▶ Goal of the exercise
Gather up every line from the entries below that uses the word "Grey".

Excerpted data below:

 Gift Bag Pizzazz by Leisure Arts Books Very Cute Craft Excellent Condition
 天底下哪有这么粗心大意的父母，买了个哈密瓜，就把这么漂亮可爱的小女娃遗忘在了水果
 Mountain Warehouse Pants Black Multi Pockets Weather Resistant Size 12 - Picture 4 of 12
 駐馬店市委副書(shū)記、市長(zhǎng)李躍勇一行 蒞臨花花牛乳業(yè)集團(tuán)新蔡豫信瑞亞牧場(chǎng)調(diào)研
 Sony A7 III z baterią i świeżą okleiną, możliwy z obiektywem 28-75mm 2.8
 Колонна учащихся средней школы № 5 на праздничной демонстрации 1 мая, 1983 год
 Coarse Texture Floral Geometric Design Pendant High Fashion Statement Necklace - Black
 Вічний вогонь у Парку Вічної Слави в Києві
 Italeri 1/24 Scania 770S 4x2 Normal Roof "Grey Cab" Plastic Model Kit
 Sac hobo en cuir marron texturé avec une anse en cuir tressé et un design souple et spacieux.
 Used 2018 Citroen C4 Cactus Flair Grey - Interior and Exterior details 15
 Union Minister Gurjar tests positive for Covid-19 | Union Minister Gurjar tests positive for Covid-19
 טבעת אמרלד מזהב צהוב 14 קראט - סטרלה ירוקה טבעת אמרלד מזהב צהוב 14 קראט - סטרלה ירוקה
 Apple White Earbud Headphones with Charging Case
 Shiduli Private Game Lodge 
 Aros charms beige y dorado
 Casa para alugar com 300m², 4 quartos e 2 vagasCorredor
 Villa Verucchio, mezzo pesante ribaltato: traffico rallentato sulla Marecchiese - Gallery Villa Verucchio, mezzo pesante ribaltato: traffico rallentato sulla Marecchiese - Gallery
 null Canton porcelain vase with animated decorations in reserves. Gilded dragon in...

End of Excerpted data.

▶ Solution for this task
 Italeri 1/24 Scania 770S 4x2 Normal Roof "Grey Cab" Plastic Model Kit
 Used 2018 Citroen C4 Cactus Flair Grey - Interior and Exterior details 15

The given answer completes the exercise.